--- START ---
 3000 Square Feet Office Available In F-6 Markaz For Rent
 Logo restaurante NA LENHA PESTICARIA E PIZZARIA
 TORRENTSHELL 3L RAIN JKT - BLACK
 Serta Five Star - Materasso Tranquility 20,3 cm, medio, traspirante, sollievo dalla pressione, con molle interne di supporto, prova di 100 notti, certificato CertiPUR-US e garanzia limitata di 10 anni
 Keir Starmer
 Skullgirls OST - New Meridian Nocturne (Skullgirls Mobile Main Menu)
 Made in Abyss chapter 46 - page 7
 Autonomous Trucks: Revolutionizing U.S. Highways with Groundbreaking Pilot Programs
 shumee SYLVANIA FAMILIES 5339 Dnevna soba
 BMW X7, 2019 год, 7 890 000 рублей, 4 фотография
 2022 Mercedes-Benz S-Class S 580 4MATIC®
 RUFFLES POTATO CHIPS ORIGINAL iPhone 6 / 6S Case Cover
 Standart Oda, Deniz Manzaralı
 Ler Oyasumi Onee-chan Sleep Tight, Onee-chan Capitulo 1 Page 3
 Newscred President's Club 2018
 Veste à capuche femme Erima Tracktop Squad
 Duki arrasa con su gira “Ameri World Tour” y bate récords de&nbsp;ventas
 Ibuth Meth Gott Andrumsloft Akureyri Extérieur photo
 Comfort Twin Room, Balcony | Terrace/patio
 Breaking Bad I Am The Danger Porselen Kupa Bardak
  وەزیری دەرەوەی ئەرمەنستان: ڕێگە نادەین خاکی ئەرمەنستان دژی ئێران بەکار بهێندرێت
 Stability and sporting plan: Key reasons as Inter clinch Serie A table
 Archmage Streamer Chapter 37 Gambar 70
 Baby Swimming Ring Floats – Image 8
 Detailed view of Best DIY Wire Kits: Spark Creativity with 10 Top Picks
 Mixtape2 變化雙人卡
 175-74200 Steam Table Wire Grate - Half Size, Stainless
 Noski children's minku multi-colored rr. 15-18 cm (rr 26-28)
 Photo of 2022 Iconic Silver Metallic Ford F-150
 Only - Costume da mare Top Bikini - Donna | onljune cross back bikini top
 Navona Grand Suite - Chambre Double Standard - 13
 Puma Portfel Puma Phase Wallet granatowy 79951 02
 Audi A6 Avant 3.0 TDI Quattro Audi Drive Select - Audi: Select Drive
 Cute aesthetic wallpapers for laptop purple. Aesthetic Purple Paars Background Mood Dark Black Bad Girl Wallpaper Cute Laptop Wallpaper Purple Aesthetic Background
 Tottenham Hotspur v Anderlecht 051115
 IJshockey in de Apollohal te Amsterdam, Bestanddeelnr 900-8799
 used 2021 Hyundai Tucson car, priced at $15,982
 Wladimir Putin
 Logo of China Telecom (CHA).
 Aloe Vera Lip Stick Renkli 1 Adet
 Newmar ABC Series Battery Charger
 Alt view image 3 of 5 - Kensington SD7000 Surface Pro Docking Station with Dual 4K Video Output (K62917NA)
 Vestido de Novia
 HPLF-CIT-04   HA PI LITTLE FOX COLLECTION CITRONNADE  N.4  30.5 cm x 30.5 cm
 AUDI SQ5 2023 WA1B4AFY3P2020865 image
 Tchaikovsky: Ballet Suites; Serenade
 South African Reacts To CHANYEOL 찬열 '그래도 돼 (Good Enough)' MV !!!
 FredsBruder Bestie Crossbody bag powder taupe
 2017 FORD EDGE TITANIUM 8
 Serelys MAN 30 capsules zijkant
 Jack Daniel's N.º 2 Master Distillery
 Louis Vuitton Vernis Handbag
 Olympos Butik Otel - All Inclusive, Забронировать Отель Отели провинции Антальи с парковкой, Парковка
--- END ---
> **To do**: Write out the records in full, word for word.

> **Finished task**:
 3000 Square Feet Office Available In F-6 Markaz For Rent
 Logo restaurante NA LENHA PESTICARIA E PIZZARIA
 TORRENTSHELL 3L RAIN JKT - BLACK
 Serta Five Star - Materasso Tranquility 20,3 cm, medio, traspirante, sollievo dalla pressione, con molle interne di supporto, prova di 100 notti, certificato CertiPUR-US e garanzia limitata di 10 anni
 Keir Starmer
 Skullgirls OST - New Meridian Nocturne (Skullgirls Mobile Main Menu)
 Made in Abyss chapter 46 - page 7
 Autonomous Trucks: Revolutionizing U.S. Highways with Groundbreaking Pilot Programs
 shumee SYLVANIA FAMILIES 5339 Dnevna soba
 BMW X7, 2019 год, 7 890 000 рублей, 4 фотография
 2022 Mercedes-Benz S-Class S 580 4MATIC®
 RUFFLES POTATO CHIPS ORIGINAL iPhone 6 / 6S Case Cover
 Standart Oda, Deniz Manzaralı
 Ler Oyasumi Onee-chan Sleep Tight, Onee-chan Capitulo 1 Page 3
 Newscred President's Club 2018
 Veste à capuche femme Erima Tracktop Squad
 Duki arrasa con su gira “Ameri World Tour” y bate récords de&nbsp;ventas
 Ibuth Meth Gott Andrumsloft Akureyri Extérieur photo
 Comfort Twin Room, Balcony | Terrace/patio
 Breaking Bad I Am The Danger Porselen Kupa Bardak
  وەزیری دەرەوەی ئەرمەنستان: ڕێگە نادەین خاکی ئەرمەنستان دژی ئێران بەکار بهێندرێت
 Stability and sporting plan: Key reasons as Inter clinch Serie A table
 Archmage Streamer Chapter 37 Gambar 70
 Baby Swimming Ring Floats – Image 8
 Detailed view of Best DIY Wire Kits: Spark Creativity with 10 Top Picks
 Mixtape2 變化雙人卡
 175-74200 Steam Table Wire Grate - Half Size, Stainless
 Noski children's minku multi-colored rr. 15-18 cm (rr 26-28)
 Photo of 2022 Iconic Silver Metallic Ford F-150
 Only - Costume da mare Top Bikini - Donna | onljune cross back bikini top
 Navona Grand Suite - Chambre Double Standard - 13
 Puma Portfel Puma Phase Wallet granatowy 79951 02
 Audi A6 Avant 3.0 TDI Quattro Audi Drive Select - Audi: Select Drive
 Cute aesthetic wallpapers for laptop purple. Aesthetic Purple Paars Background Mood Dark Black Bad Girl Wallpaper Cute Laptop Wallpaper Purple Aesthetic Background
 Tottenham Hotspur v Anderlecht 051115
 IJshockey in de Apollohal te Amsterdam, Bestanddeelnr 900-8799
 used 2021 Hyundai Tucson car, priced at $15,982
 Wladimir Putin
 Logo of China Telecom (CHA).
 Aloe Vera Lip Stick Renkli 1 Adet
 Newmar ABC Series Battery Charger
 Alt view image 3 of 5 - Kensington SD7000 Surface Pro Docking Station with Dual 4K Video Output (K62917NA)
 Vestido de Novia
 HPLF-CIT-04   HA PI LITTLE FOX COLLECTION CITRONNADE  N.4  30.5 cm x 30.5 cm
 AUDI SQ5 2023 WA1B4AFY3P2020865 image
 Tchaikovsky: Ballet Suites; Serenade
 South African Reacts To CHANYEOL 찬열 '그래도 돼 (Good Enough)' MV !!!
 FredsBruder Bestie Crossbody bag powder taupe
 2017 FORD EDGE TITANIUM 8
 Serelys MAN 30 capsules zijkant
 Jack Daniel's N.º 2 Master Distillery
 Louis Vuitton Vernis Handbag
 Olympos Butik Otel - All Inclusive, Забронировать Отель Отели провинции Антальи с парковкой, Парковка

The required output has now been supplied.